Problem details: Transcribe every line from the one containing "Used 2025 Nissan Rogue SV image 21" through the end of the records below, exactly, but not the pictures.

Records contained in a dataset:
•••••

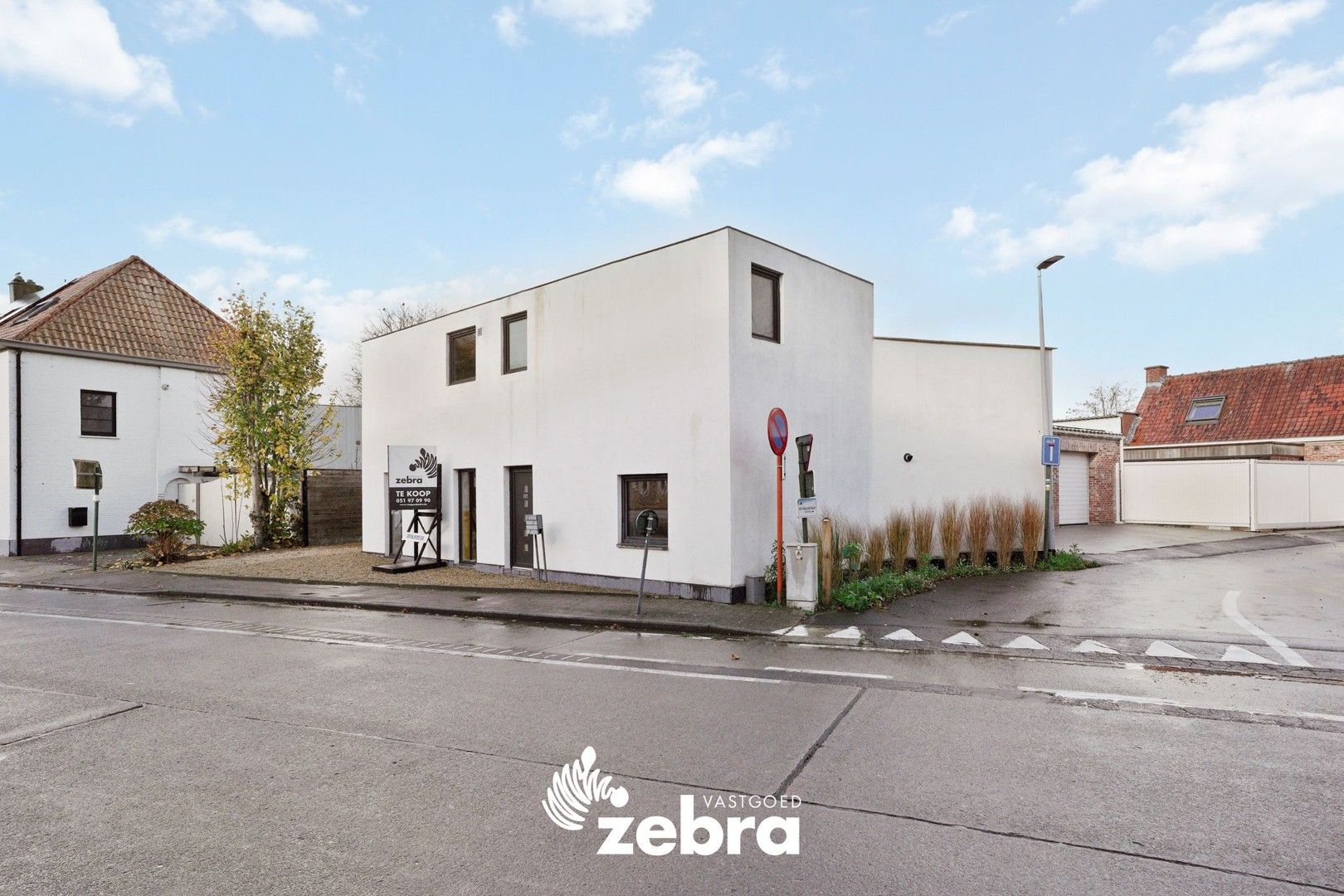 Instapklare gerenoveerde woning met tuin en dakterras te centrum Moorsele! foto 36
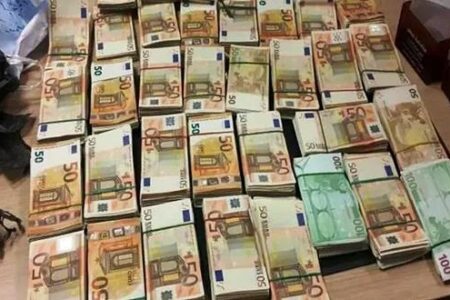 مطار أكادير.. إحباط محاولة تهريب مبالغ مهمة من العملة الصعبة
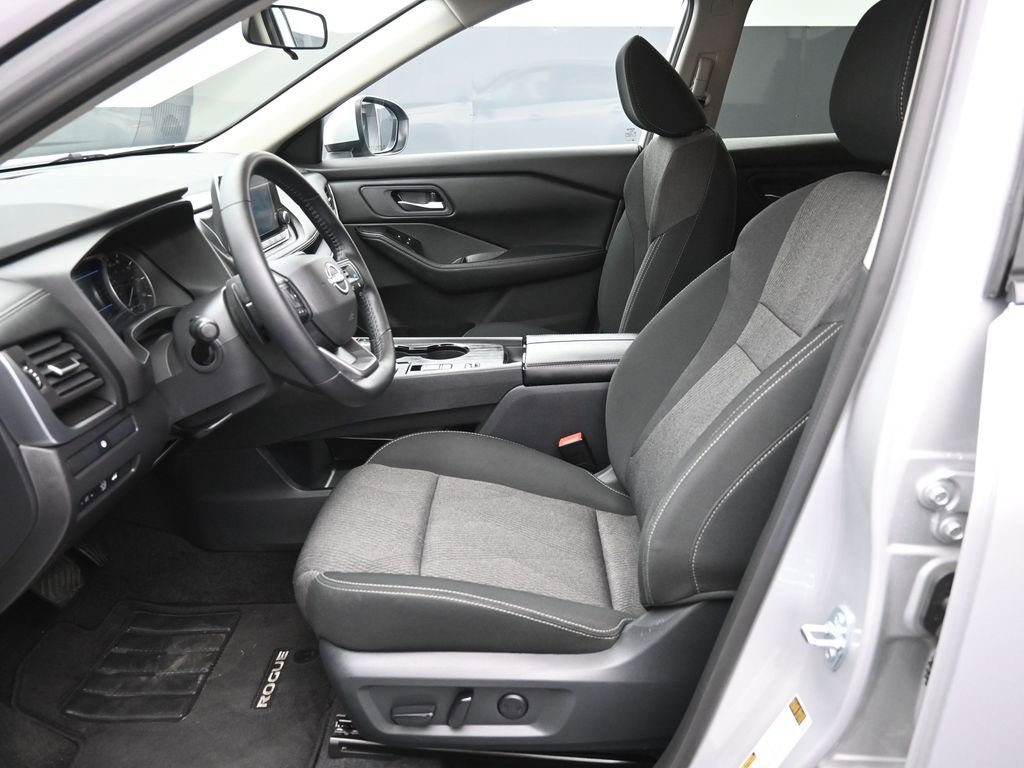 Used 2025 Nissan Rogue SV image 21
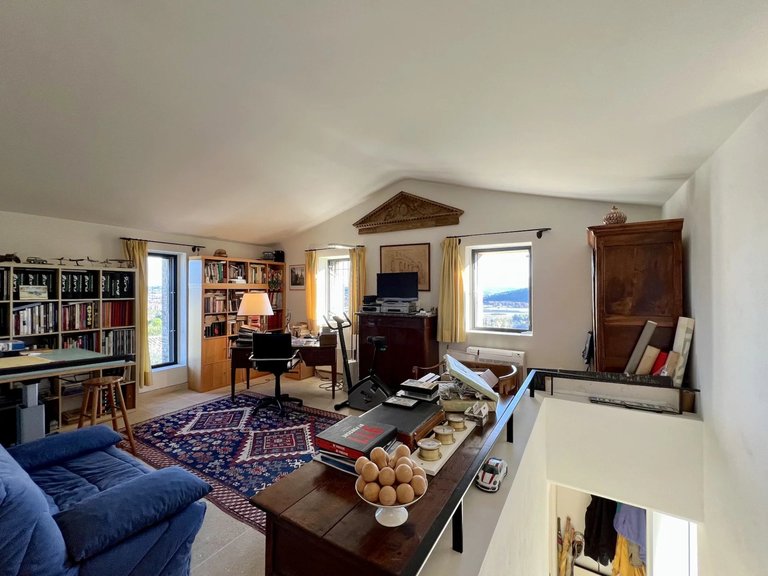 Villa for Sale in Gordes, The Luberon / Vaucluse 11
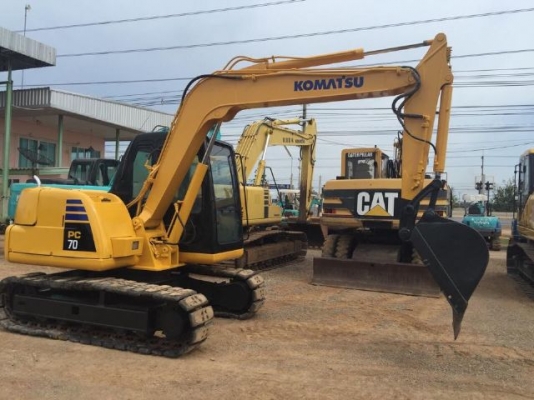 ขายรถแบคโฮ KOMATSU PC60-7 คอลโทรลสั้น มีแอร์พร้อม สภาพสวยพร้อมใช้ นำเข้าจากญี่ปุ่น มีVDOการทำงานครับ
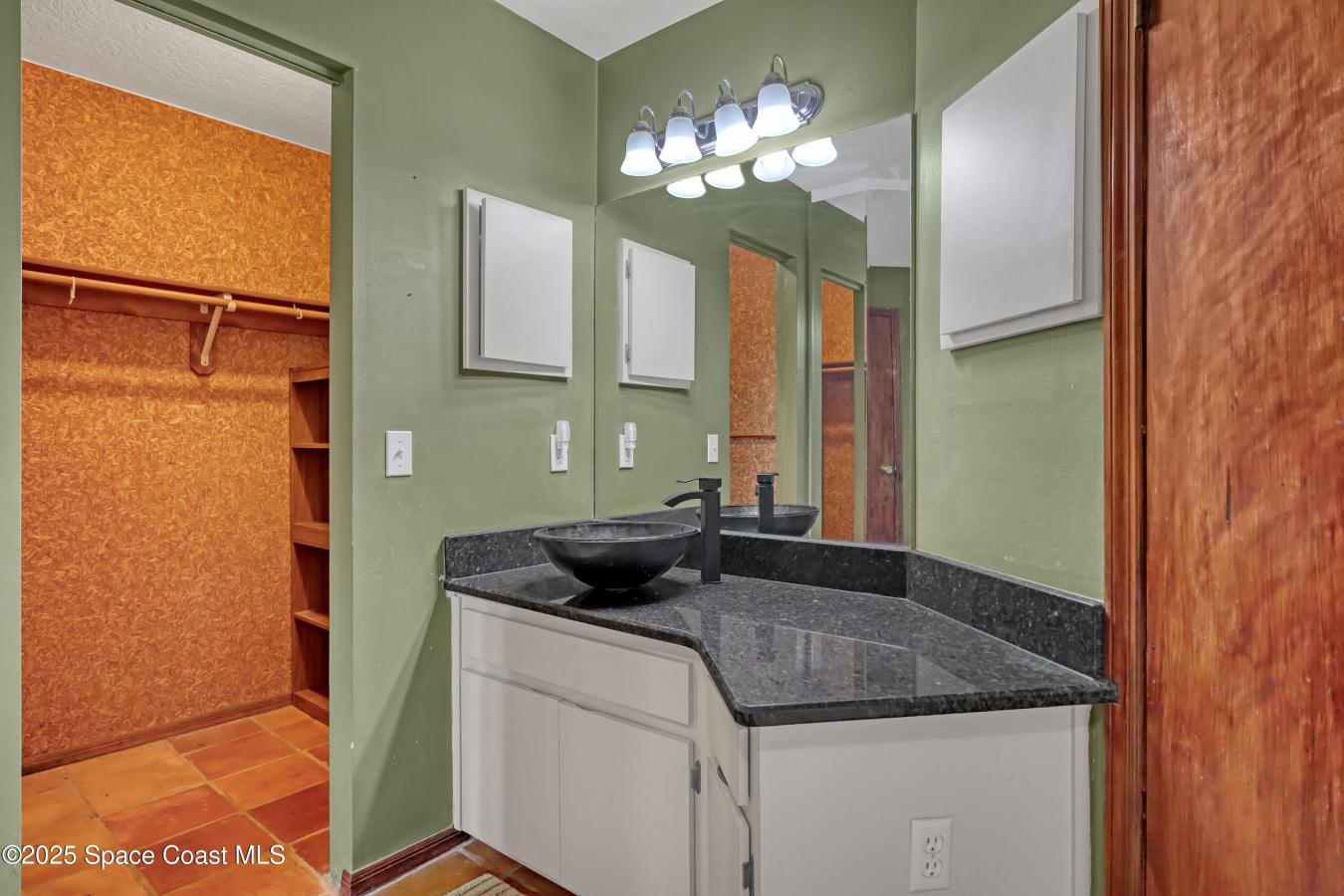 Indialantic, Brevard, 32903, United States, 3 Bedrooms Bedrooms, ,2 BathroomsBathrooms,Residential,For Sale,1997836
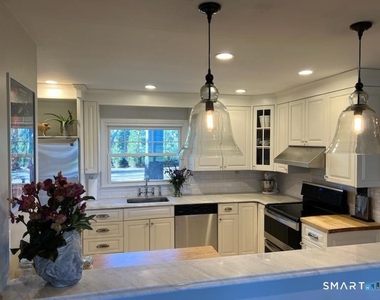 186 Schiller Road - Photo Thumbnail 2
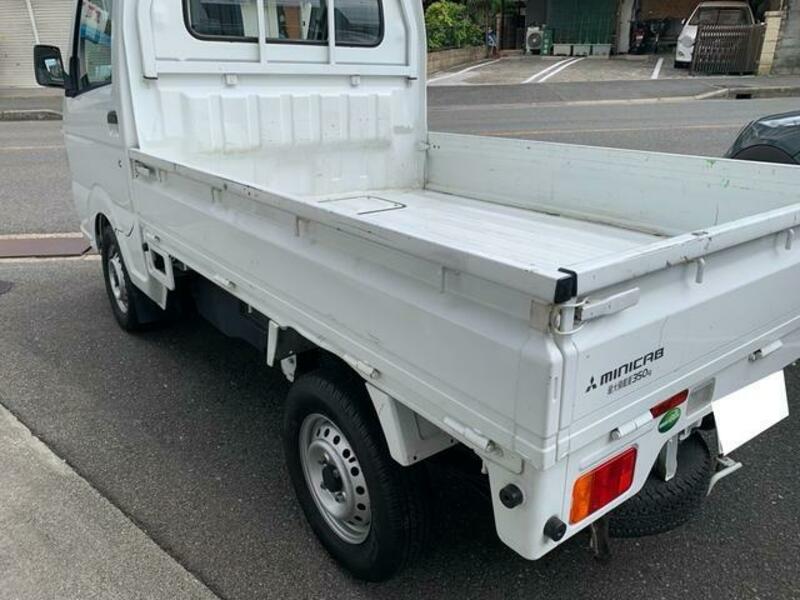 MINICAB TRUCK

•••••

Answer below:
 Used 2025 Nissan Rogue SV image 21
 Villa for Sale in Gordes, The Luberon / Vaucluse 11
 ขายรถแบคโฮ KOMATSU PC60-7 คอลโทรลสั้น มีแอร์พร้อม สภาพสวยพร้อมใช้ นำเข้าจากญี่ปุ่น มีVDOการทำงานครับ
 Indialantic, Brevard, 32903, United States, 3 Bedrooms Bedrooms, ,2 BathroomsBathrooms,Residential,For Sale,1997836
 186 Schiller Road - Photo Thumbnail 2
 MINICAB TRUCK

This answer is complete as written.